Dans cette pièce, les évolutions sont lentes, en progression continue, générant des progressions de masse qui sont entrecoupées de parties silencieuses où les sons se raréfient. Les sons utilisés sont « impurs », avec du grain et du bruit coloré, évitant une sonorité trop propre et lisse qui ne siérait à l’esthétique butô.
Marco Marini, Silence Clair-Obscur
Le silence n’existe pas en tant que phénomène sonore car il y a toujours vibration de l’air. Symboliquement, il représente la toile de fond, la « page blanche » du compositeur. Composer de la musique est-ce ajouter des événements sonores, ou soustraire du silence ? Car si celui-ci est continu, peut-on lui accorder une notion d’épaisseur ? Clair : bruit noir. Sombre : bruit blanc … la part de silence contenue dans le son ou le « silence-qualité », l’épaisseur silencieuse… L’air… Si le vent ne rencontrait aucun obstacle dans son parcours, il serait probablement silencieux. Solitude, « silence-absence », vide, silence de mort. La mort est-elle silencieuse ou n’est-ce que l’être mort qui finit par le devenir ? Tout phénomène sonore retourne inexorablement au silence duquel il a surgi… « Silence, on tourne »… Le rythme : une succession d’événements et de silences dont les espacements et les durées lui confèrent le caractère. Tension-détente, suspense… Le « silence-action » en tant que note, vécu comme pleinement musical, dramatique, habité…
Elisabeth Damour
Un corps qui danse est sonore : du cri au chant, il cogne ou glisse éprouvant ses limites. La musique acousmatique faite « de bruits » dont on ne peut en « voir la source » est inspirante pour cette danse qui invite à des décentrages : le corps est dans une temporalité différente et il se spatialise autrement. Ainsi, musique, sons, évocations sonores ont leur place.
Diana Trujillo
Car le corps du danseur de Butoh n’est plus appréhendé pour sa seule forme, mais il est sollicité comme réceptacle d’une mémoire ; celle consciente et inconsciente du danseur, et celle qui existe en latence chez chacun. Le danseur restitue la vie qu’il va puiser dans son corps, matrice du monde qui devient macrocosme de mémoires amoncelées dans lesquelles s’entremêlent naissance et mort, joies et désarrois profonds… Tout le matériel dont on bâtit l’humanité. Cela explique le rejet du Butoh des canons esthétiques traditionnels qui suppriment l’imparfait, le malade, le laid…
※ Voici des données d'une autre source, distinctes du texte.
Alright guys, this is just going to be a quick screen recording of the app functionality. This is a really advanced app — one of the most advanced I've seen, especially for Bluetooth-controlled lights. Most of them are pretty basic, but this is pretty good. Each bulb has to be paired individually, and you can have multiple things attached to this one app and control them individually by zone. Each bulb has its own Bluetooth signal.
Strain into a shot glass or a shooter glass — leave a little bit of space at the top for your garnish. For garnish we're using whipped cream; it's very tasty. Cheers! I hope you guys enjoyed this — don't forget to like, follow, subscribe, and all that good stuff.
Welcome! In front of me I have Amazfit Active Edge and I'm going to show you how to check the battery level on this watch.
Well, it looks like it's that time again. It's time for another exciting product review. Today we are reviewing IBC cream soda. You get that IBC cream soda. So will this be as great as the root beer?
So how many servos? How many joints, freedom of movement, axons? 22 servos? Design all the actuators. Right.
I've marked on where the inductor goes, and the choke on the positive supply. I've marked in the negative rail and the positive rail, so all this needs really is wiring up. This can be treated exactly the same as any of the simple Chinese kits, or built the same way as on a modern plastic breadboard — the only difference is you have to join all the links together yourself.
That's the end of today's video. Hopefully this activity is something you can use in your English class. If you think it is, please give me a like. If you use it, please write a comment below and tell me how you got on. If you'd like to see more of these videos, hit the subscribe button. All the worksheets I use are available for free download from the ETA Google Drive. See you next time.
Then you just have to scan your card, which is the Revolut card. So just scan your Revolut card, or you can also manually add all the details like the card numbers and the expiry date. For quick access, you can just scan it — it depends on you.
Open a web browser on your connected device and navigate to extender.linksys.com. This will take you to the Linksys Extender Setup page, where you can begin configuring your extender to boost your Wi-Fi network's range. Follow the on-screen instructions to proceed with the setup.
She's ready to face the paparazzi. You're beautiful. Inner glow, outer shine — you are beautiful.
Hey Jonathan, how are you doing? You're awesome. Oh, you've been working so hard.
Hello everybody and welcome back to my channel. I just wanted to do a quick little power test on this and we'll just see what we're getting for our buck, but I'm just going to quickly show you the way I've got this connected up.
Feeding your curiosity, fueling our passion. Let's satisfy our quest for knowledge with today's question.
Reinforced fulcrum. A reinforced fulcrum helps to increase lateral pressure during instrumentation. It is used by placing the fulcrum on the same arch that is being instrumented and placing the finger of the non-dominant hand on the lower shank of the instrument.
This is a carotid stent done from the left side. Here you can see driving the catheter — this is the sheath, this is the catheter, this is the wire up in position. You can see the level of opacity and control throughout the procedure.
Par ailleurs le Butoh part d’un postulat tout à fait nouveau: il pose un étonnement profond face au corps : le corps n’est plus masse uniforme projetée dans l’espace, mais réseau, matière à modeler au sein de laquelle les tensions, les éruptions et les tragédies s’organisent, se font, se défont à même la chair. Les appuis s’étendent à toutes les parties du corps jusqu’alors négligées, les articulations se nouent, la silhouette se renverse, le corps entre en métamorphose.
Sophie Cournède
L’espace habillait de sonorité enveloppe mon corps matière, qui spontanément, peut figurer l’environnement sonore et ma peau devient sujet ou partition. Je ressens le son s’entrechoquer sur la surface de ma peau. La couleur des différentes résonances ondule mon corps et le secoue par ses aigus et ses graves. Répercussion dans mon corps qui telle une caisse de résonance charnelle vibre de l’intérieur vers l’extérieur. Le butô est une danse de l’instant, une danse du ressentir. Le lieu, l’espace, le son et tous les sens du danseur sont en éveil, c’est ainsi que la danse s’exprime par le biais de ses sens en profonde réceptivité.
Florent Colautti, Capture
La pièce se compose de prises de sons effectués sur des objets sonores excités et/ou contrôlés par un dispositif électronique (vitesse de rotation des pales de sirènes commandées numériquement, vibreurs sur tambours, moteurs rotatifs qui viennent frottés le bord de cymbales,…).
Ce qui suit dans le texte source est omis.